Nimiq Core Rust Albatross Off-By-One Vulnerability in Proposal Signer Bounds Check Leading to Validator Crash

A vulnerability exists in the Nimiq Core Rust Albatross implementation of the Proof-of-Stake protocol, prior to version 1.3.0. An untrusted peer can cause a validator to crash by sending a signed Tendermint proposal message with the signer index equal to the number of validators. The ProposalSender's bounds check incorrectly uses 'greater than' instead of 'greater than or equal to', allowing the out-of-bounds index to be accessed before signature verification, which leads to a panic.

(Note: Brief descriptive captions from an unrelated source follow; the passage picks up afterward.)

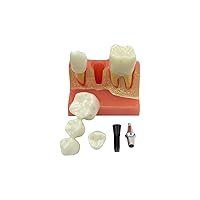Vista 11 de Modelo de 28 dientes Typodont desmontables, modelo de dientes dentales modelo de enseñanza con goma suave para practicar y estudiar, con un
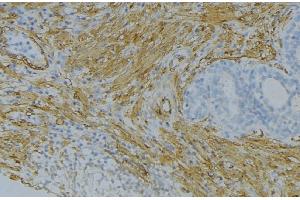 ABIN6274666 at 1/100 staining Human uterus tissue by IHC-P. (FGF18 抗体  (Internal Region))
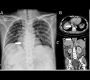 A Retrocardiac Opacity in a Cirrhotic Patient – Esophageal Varices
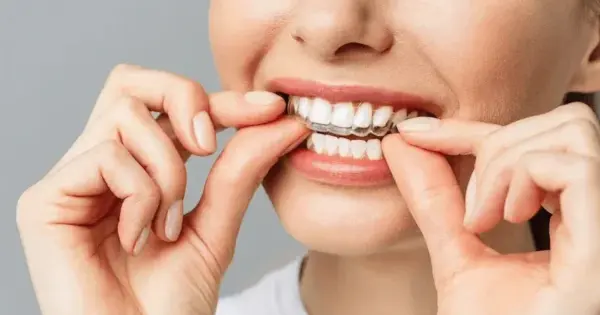 Invisalign Near JP Nagar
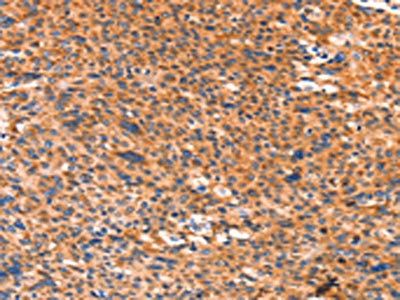 The image on the left is immunohistochemistry of paraffin-embedded Human liver cancer tissue using the antibody Antibody) at dilution 1/80, on the right is treated with synthetic peptide. (Original magnification: ×200)Rabbit anti-Human AMPD1 Polyclonal Antibody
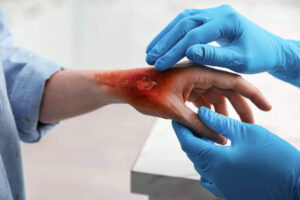 Doctor treating burn injury patient.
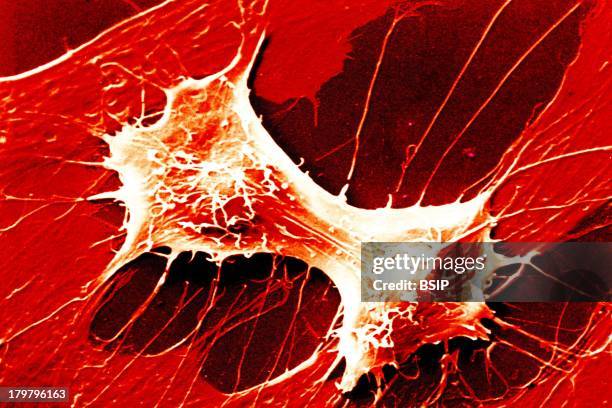 Mitosis Anaphase, Cell Division Enabling Duplication Of The Chromosomes And The Formation Of Two Identical Daughter Cells, There Are Four Phases Of...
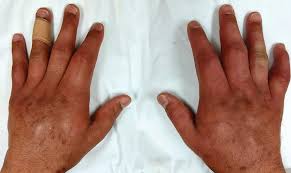 Mixed Connective Tissue Disease - Iris Clinics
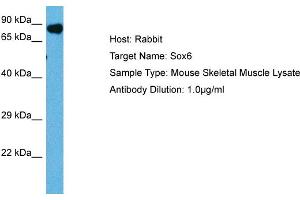 Host: Mouse Target Name: SOX6 Sample Tissue: Mouse Skeletal Muscle Antibody Dilution: 1ug/ml (SOX6 antibody  (Middle Region))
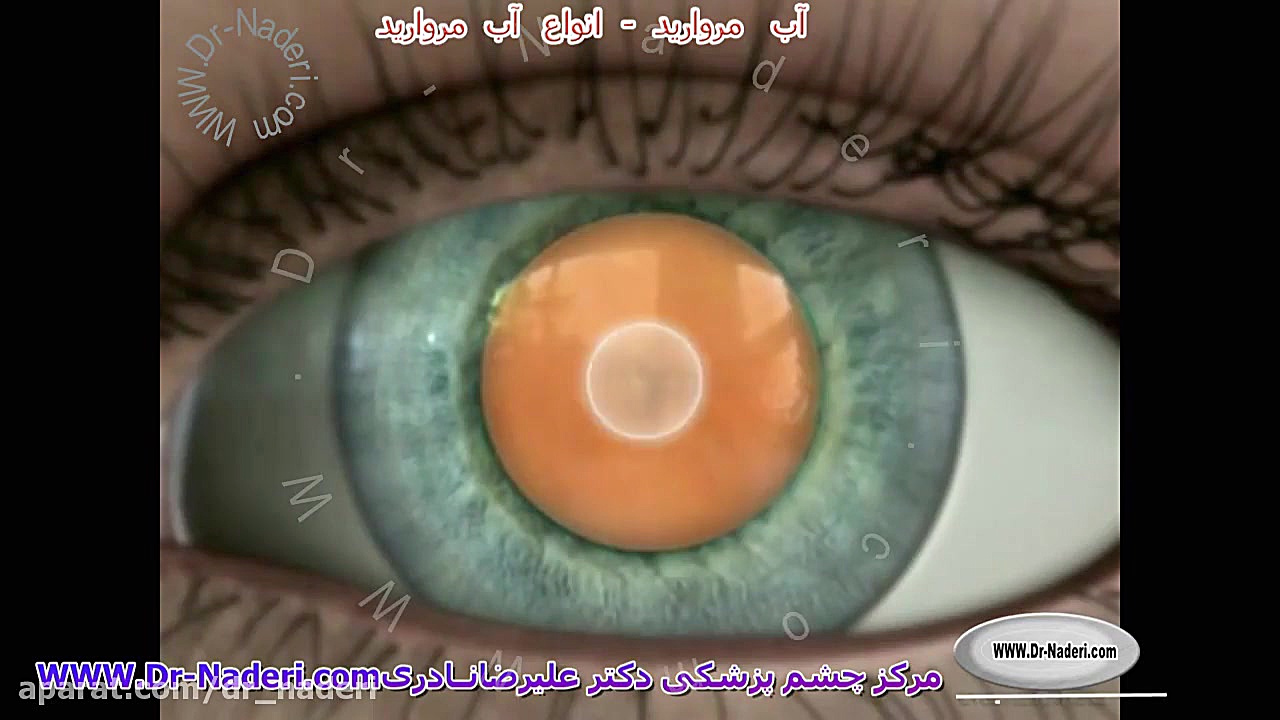 انواع آب مروارید - مرکز چشم پزشکی دکتر علیرضا نادری مرکز چشم پزشکی دکتر علیرضا نادری www.dr-naderi.com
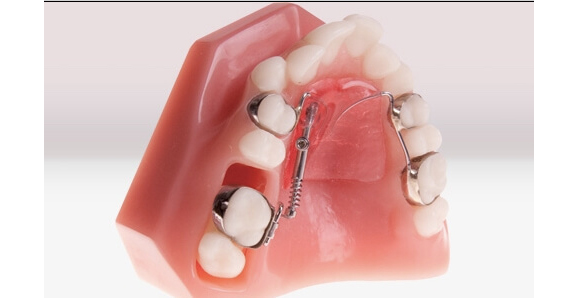 Аппарат Distal Jet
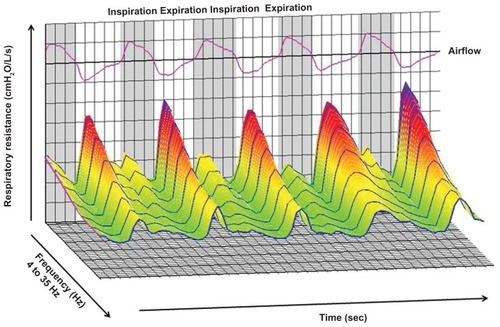 Figure 1 Representative sample of respiratory resistance in a three-dimensional graphic generated by MostGraph-01 (Chest MI, Inc, Tokyo, Japan). The X-axis shows the frequency from 4 Hz to 35 Hz, the Y-axis shows respiratory resistance, and the Z-axis shows the timecourse. The inspiratory and expiratory phases were based on the airflow of the subjects. The image was created based on the measured results for respiratory impedance.
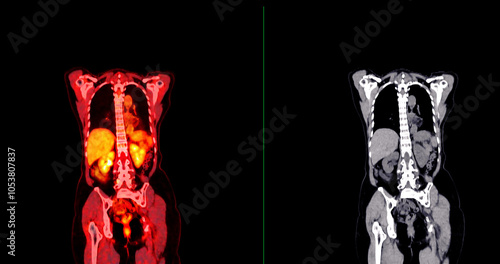 PET scan image displaying whole-body metabolic activity in a side profile view. Suitable for medical education, diagnostics, and research in cellular function.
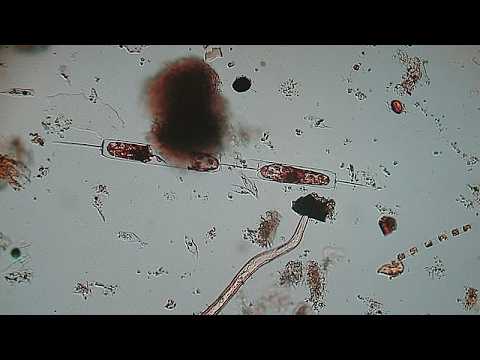 Gli ultimi focolai globali dei ‘batteri carnivori’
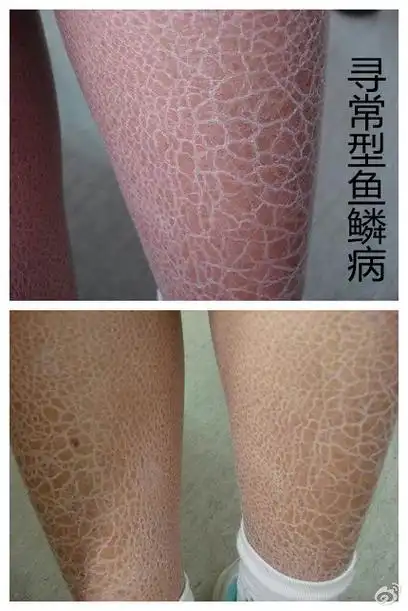 干皮病的介绍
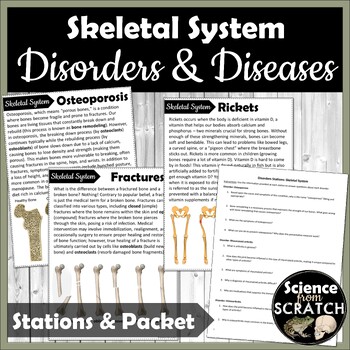 Preview of Skeletal System Disorders and Diseases Stations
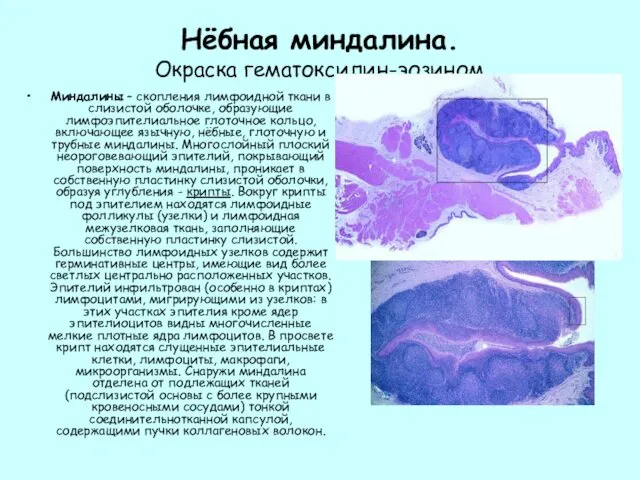 Нёбная миндалина. Окраска гематоксилин-эозином Миндалины – скопления лимфоидной ткани в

This issue has been addressed in version 1.3.0.

Impact

Exploitation of this vulnerability causes a panic in the validator, disrupting its operation. The out-of-bounds access occurs before any signature verification, potentially allowing for the introduction of invalid proposals that could be processed incorrectly.

Reproduction

To reproduce this vulnerability, send a signed Tendermint proposal message from an untrusted peer with the signer index set to the total number of validators. The ProposalSender will accept the proposal without proper validation, leading to a panic when the out-of-bounds index is accessed.

Remediation

Users can upgrade to Nimiq Core Rust Albatross version 1.3.0 or later, where this vulnerability has been fixed.